• RECORDS TO USE
========================

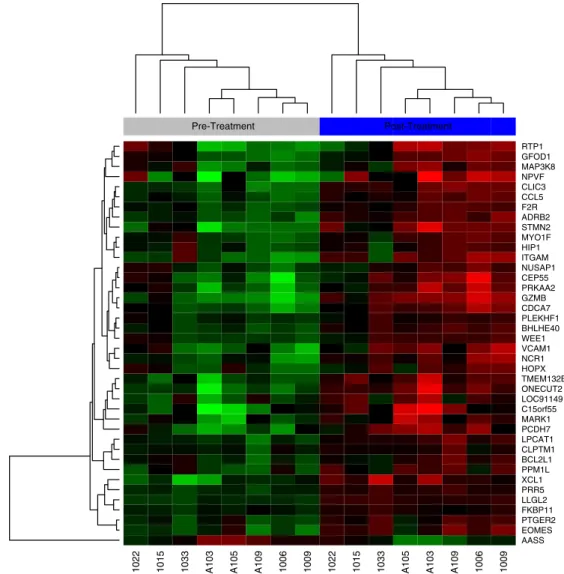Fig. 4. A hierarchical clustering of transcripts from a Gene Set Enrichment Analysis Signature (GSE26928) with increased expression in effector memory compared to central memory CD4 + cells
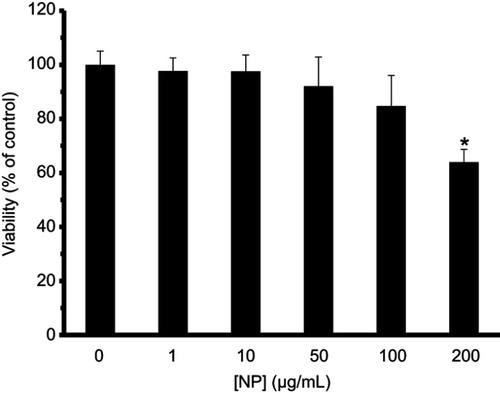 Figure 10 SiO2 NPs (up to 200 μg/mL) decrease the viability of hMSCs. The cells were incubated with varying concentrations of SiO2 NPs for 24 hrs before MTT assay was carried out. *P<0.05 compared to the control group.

========================

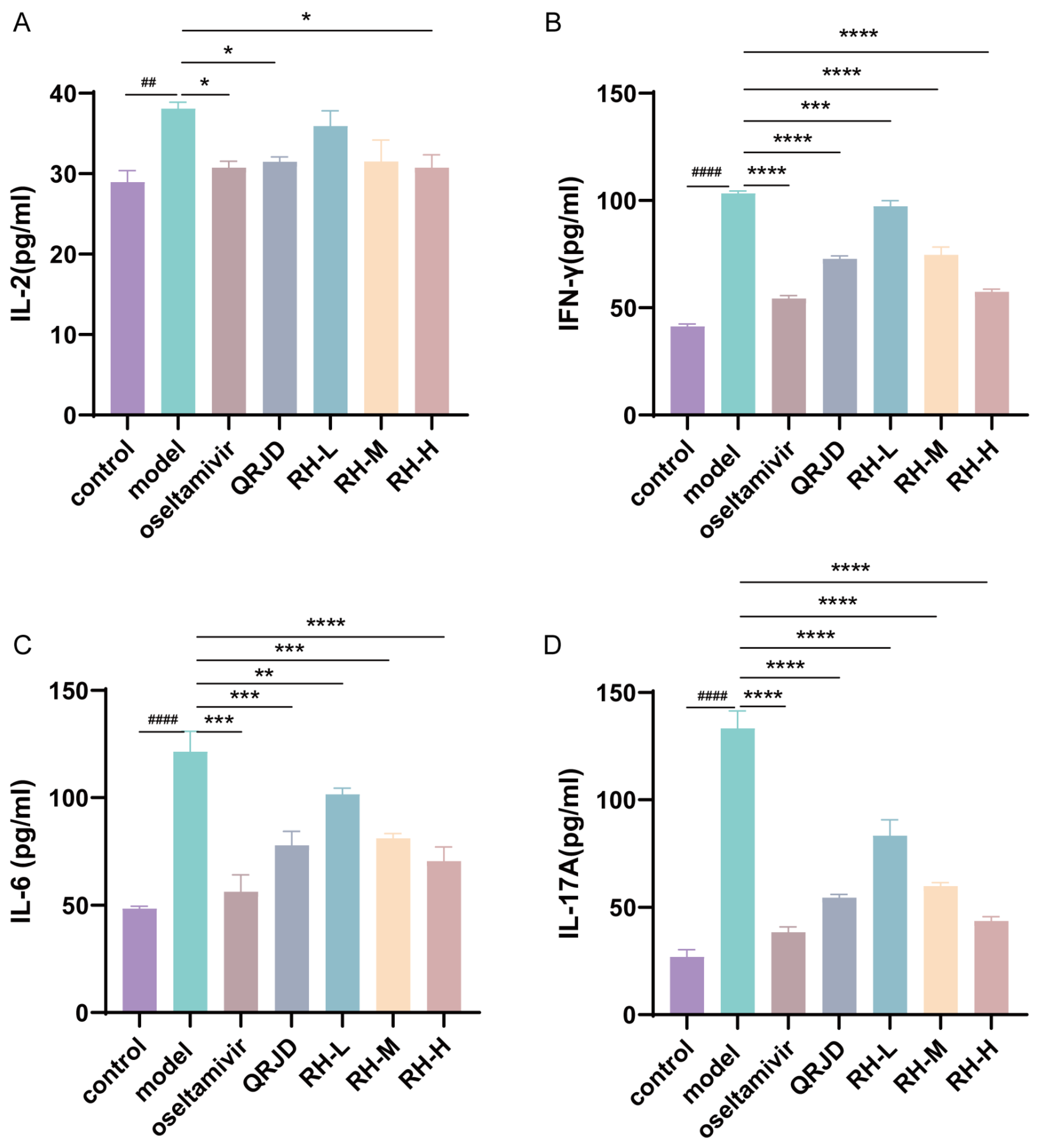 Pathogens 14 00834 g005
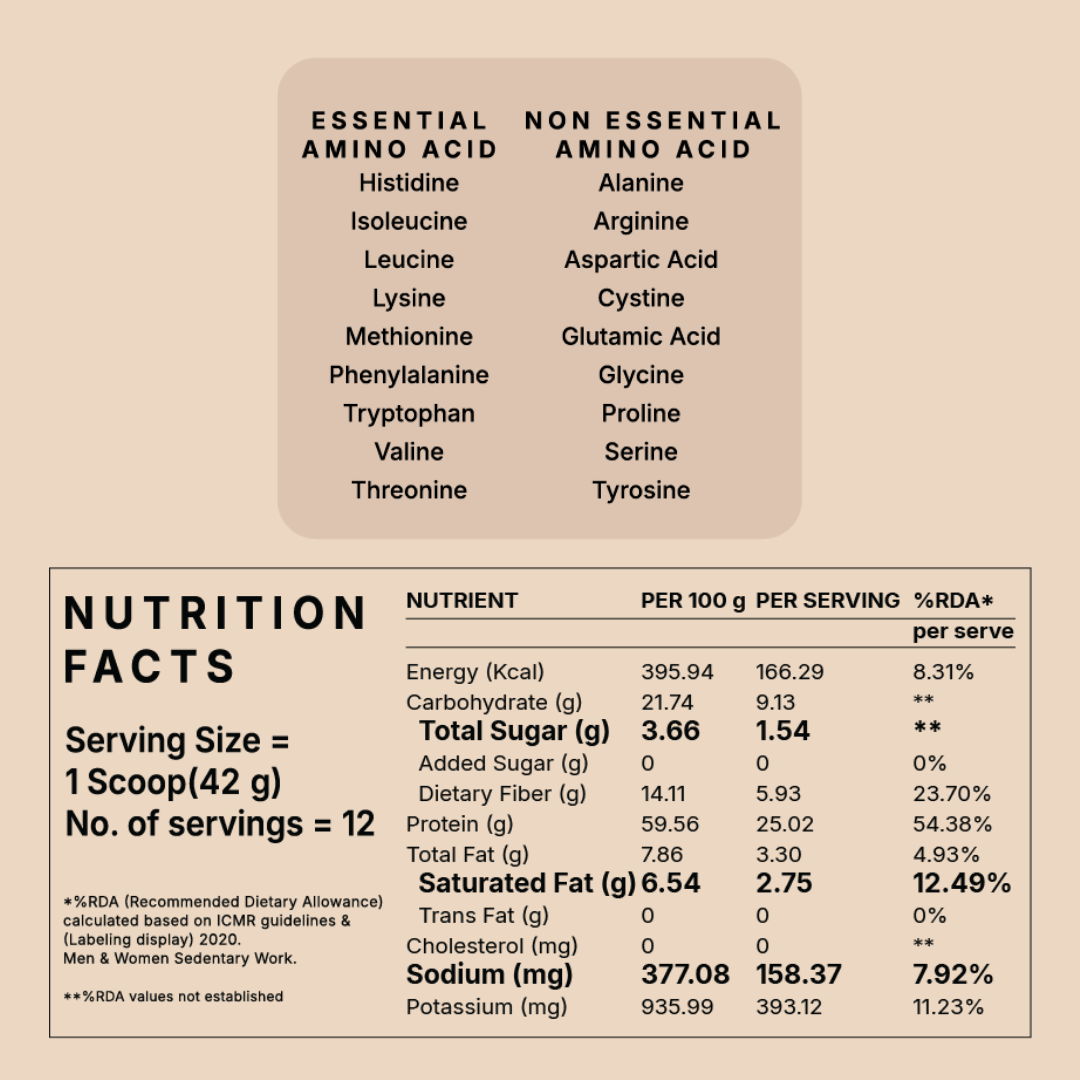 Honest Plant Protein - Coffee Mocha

========================

• PROBLEM DETAILS
Using the data above, give again exactly the lines starting at the one holding "Pathogens 14 00834 g005" and ending at the one holding "Honest Plant Protein - Coffee Mocha", inclusive, and nothing more. Omit the pictures.

• RESULT OF THIS TASK
 Pathogens 14 00834 g005
 Honest Plant Protein - Coffee Mocha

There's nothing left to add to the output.